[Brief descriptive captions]
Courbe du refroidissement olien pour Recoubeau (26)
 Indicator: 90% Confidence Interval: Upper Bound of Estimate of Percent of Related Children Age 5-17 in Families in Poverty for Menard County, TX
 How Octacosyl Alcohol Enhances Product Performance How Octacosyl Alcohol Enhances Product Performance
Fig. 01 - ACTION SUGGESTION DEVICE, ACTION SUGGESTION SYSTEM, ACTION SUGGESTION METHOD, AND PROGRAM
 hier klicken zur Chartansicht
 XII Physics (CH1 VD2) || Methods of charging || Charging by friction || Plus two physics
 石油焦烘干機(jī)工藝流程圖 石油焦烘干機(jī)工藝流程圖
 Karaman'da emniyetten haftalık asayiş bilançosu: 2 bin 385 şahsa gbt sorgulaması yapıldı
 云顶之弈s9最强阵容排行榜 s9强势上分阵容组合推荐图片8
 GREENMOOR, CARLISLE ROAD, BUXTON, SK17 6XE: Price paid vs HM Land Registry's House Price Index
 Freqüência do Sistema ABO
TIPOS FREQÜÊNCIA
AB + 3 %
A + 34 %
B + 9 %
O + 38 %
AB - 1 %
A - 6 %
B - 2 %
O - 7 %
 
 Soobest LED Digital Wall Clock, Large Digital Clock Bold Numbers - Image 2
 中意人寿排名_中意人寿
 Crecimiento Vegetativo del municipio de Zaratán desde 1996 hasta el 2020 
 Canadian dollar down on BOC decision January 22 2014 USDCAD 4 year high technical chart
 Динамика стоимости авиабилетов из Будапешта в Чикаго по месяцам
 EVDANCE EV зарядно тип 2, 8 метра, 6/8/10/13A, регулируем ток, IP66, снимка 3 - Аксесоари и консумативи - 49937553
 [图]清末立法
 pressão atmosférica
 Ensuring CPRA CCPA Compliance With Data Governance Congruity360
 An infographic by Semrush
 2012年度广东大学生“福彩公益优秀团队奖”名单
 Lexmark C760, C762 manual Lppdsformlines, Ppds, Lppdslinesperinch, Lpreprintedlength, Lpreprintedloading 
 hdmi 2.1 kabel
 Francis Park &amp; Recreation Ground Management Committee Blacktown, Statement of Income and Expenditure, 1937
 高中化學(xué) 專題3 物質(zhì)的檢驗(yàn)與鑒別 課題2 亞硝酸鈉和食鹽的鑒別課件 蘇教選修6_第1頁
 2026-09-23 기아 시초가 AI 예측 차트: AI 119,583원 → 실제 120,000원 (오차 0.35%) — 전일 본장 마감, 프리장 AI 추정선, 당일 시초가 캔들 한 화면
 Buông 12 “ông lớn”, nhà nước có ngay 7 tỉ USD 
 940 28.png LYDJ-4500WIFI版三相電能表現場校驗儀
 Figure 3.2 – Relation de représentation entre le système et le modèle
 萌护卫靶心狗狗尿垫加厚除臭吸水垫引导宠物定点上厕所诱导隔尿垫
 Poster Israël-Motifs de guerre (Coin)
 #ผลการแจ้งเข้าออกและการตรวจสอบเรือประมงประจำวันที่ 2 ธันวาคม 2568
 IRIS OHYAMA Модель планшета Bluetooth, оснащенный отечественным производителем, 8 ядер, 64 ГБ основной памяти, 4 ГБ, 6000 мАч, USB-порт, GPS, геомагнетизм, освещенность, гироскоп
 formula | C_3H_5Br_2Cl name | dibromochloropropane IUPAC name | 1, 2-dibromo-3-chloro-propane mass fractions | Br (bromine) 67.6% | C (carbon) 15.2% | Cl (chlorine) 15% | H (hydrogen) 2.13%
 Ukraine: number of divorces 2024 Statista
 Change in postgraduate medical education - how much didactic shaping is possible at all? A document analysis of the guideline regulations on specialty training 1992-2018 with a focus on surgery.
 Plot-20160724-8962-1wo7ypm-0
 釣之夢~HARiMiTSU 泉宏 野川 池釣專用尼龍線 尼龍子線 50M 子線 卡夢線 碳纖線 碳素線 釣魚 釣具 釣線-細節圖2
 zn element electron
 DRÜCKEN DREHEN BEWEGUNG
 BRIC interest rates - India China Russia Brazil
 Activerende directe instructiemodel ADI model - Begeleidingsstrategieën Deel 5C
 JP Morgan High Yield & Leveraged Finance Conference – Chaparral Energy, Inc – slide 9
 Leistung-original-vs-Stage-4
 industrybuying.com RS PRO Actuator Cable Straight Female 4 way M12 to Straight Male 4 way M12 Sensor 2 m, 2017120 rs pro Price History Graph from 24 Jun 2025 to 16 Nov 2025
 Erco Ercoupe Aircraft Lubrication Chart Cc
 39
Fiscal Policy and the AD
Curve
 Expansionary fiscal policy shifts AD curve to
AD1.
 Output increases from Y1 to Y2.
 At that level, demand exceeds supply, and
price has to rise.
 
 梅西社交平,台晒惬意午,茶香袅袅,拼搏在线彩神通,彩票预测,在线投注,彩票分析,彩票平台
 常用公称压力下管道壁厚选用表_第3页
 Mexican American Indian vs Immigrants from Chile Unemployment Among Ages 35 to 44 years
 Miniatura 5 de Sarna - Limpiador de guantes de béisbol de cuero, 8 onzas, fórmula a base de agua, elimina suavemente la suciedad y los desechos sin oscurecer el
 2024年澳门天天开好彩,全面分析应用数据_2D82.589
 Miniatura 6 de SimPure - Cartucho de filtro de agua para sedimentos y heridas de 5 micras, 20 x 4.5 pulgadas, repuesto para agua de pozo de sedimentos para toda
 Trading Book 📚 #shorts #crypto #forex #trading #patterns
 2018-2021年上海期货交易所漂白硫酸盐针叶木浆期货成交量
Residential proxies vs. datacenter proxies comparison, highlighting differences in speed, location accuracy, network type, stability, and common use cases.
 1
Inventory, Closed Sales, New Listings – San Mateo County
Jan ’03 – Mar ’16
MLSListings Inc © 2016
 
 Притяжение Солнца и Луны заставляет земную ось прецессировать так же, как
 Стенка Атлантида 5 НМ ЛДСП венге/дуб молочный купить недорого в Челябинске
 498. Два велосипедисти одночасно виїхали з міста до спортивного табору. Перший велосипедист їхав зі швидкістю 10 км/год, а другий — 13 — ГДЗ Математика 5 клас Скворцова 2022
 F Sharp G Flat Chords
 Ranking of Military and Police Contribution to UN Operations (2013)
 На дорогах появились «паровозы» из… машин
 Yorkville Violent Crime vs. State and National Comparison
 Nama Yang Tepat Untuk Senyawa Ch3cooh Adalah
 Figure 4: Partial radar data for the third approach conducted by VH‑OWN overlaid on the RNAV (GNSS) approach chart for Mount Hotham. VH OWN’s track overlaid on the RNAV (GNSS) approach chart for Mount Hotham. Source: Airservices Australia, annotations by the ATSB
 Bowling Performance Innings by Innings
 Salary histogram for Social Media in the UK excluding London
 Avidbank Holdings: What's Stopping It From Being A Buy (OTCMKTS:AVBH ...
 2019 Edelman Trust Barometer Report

— WHAT IS NEEDED —
Each record needs to be duplicated exactly.

— REPLY TO THE EXERCISE —
Courbe du refroidissement olien pour Recoubeau (26)
 Indicator: 90% Confidence Interval: Upper Bound of Estimate of Percent of Related Children Age 5-17 in Families in Poverty for Menard County, TX
 How Octacosyl Alcohol Enhances Product Performance How Octacosyl Alcohol Enhances Product Performance
Fig. 01 - ACTION SUGGESTION DEVICE, ACTION SUGGESTION SYSTEM, ACTION SUGGESTION METHOD, AND PROGRAM
 hier klicken zur Chartansicht
 XII Physics (CH1 VD2) || Methods of charging || Charging by friction || Plus two physics
 石油焦烘干機(jī)工藝流程圖 石油焦烘干機(jī)工藝流程圖
 Karaman'da emniyetten haftalık asayiş bilançosu: 2 bin 385 şahsa gbt sorgulaması yapıldı
 云顶之弈s9最强阵容排行榜 s9强势上分阵容组合推荐图片8
 GREENMOOR, CARLISLE ROAD, BUXTON, SK17 6XE: Price paid vs HM Land Registry's House Price Index
 Freqüência do Sistema ABO
TIPOS FREQÜÊNCIA
AB + 3 %
A + 34 %
B + 9 %
O + 38 %
AB - 1 %
A - 6 %
B - 2 %
O - 7 %
 
 Soobest LED Digital Wall Clock, Large Digital Clock Bold Numbers - Image 2
 中意人寿排名_中意人寿
 Crecimiento Vegetativo del municipio de Zaratán desde 1996 hasta el 2020 
 Canadian dollar down on BOC decision January 22 2014 USDCAD 4 year high technical chart
 Динамика стоимости авиабилетов из Будапешта в Чикаго по месяцам
 EVDANCE EV зарядно тип 2, 8 метра, 6/8/10/13A, регулируем ток, IP66, снимка 3 - Аксесоари и консумативи - 49937553
 [图]清末立法
 pressão atmosférica
 Ensuring CPRA CCPA Compliance With Data Governance Congruity360
 An infographic by Semrush
 2012年度广东大学生“福彩公益优秀团队奖”名单
 Lexmark C760, C762 manual Lppdsformlines, Ppds, Lppdslinesperinch, Lpreprintedlength, Lpreprintedloading 
 hdmi 2.1 kabel
 Francis Park &amp; Recreation Ground Management Committee Blacktown, Statement of Income and Expenditure, 1937
 高中化學(xué) 專題3 物質(zhì)的檢驗(yàn)與鑒別 課題2 亞硝酸鈉和食鹽的鑒別課件 蘇教選修6_第1頁
 2026-09-23 기아 시초가 AI 예측 차트: AI 119,583원 → 실제 120,000원 (오차 0.35%) — 전일 본장 마감, 프리장 AI 추정선, 당일 시초가 캔들 한 화면
 Buông 12 “ông lớn”, nhà nước có ngay 7 tỉ USD 
 940 28.png LYDJ-4500WIFI版三相電能表現場校驗儀
 Figure 3.2 – Relation de représentation entre le système et le modèle
 萌护卫靶心狗狗尿垫加厚除臭吸水垫引导宠物定点上厕所诱导隔尿垫
 Poster Israël-Motifs de guerre (Coin)
 #ผลการแจ้งเข้าออกและการตรวจสอบเรือประมงประจำวันที่ 2 ธันวาคม 2568
 IRIS OHYAMA Модель планшета Bluetooth, оснащенный отечественным производителем, 8 ядер, 64 ГБ основной памяти, 4 ГБ, 6000 мАч, USB-порт, GPS, геомагнетизм, освещенность, гироскоп
 formula | C_3H_5Br_2Cl name | dibromochloropropane IUPAC name | 1, 2-dibromo-3-chloro-propane mass fractions | Br (bromine) 67.6% | C (carbon) 15.2% | Cl (chlorine) 15% | H (hydrogen) 2.13%
 Ukraine: number of divorces 2024 Statista
 Change in postgraduate medical education - how much didactic shaping is possible at all? A document analysis of the guideline regulations on specialty training 1992-2018 with a focus on surgery.
 Plot-20160724-8962-1wo7ypm-0
 釣之夢~HARiMiTSU 泉宏 野川 池釣專用尼龍線 尼龍子線 50M 子線 卡夢線 碳纖線 碳素線 釣魚 釣具 釣線-細節圖2
 zn element electron
 DRÜCKEN DREHEN BEWEGUNG
 BRIC interest rates - India China Russia Brazil
 Activerende directe instructiemodel ADI model - Begeleidingsstrategieën Deel 5C
 JP Morgan High Yield & Leveraged Finance Conference – Chaparral Energy, Inc – slide 9
 Leistung-original-vs-Stage-4
 industrybuying.com RS PRO Actuator Cable Straight Female 4 way M12 to Straight Male 4 way M12 Sensor 2 m, 2017120 rs pro Price History Graph from 24 Jun 2025 to 16 Nov 2025
 Erco Ercoupe Aircraft Lubrication Chart Cc
 39
Fiscal Policy and the AD
Curve
 Expansionary fiscal policy shifts AD curve to
AD1.
 Output increases from Y1 to Y2.
 At that level, demand exceeds supply, and
price has to rise.
 
 梅西社交平,台晒惬意午,茶香袅袅,拼搏在线彩神通,彩票预测,在线投注,彩票分析,彩票平台
 常用公称压力下管道壁厚选用表_第3页
 Mexican American Indian vs Immigrants from Chile Unemployment Among Ages 35 to 44 years
 Miniatura 5 de Sarna - Limpiador de guantes de béisbol de cuero, 8 onzas, fórmula a base de agua, elimina suavemente la suciedad y los desechos sin oscurecer el
 2024年澳门天天开好彩,全面分析应用数据_2D82.589
 Miniatura 6 de SimPure - Cartucho de filtro de agua para sedimentos y heridas de 5 micras, 20 x 4.5 pulgadas, repuesto para agua de pozo de sedimentos para toda
 Trading Book 📚 #shorts #crypto #forex #trading #patterns
 2018-2021年上海期货交易所漂白硫酸盐针叶木浆期货成交量
Residential proxies vs. datacenter proxies comparison, highlighting differences in speed, location accuracy, network type, stability, and common use cases.
 1
Inventory, Closed Sales, New Listings – San Mateo County
Jan ’03 – Mar ’16
MLSListings Inc © 2016
 
 Притяжение Солнца и Луны заставляет земную ось прецессировать так же, как
 Стенка Атлантида 5 НМ ЛДСП венге/дуб молочный купить недорого в Челябинске
 498. Два велосипедисти одночасно виїхали з міста до спортивного табору. Перший велосипедист їхав зі швидкістю 10 км/год, а другий — 13 — ГДЗ Математика 5 клас Скворцова 2022
 F Sharp G Flat Chords
 Ranking of Military and Police Contribution to UN Operations (2013)
 На дорогах появились «паровозы» из… машин
 Yorkville Violent Crime vs. State and National Comparison
 Nama Yang Tepat Untuk Senyawa Ch3cooh Adalah
 Figure 4: Partial radar data for the third approach conducted by VH‑OWN overlaid on the RNAV (GNSS) approach chart for Mount Hotham. VH OWN’s track overlaid on the RNAV (GNSS) approach chart for Mount Hotham. Source: Airservices Australia, annotations by the ATSB
 Bowling Performance Innings by Innings
 Salary histogram for Social Media in the UK excluding London
 Avidbank Holdings: What's Stopping It From Being A Buy (OTCMKTS:AVBH ...
 2019 Edelman Trust Barometer Report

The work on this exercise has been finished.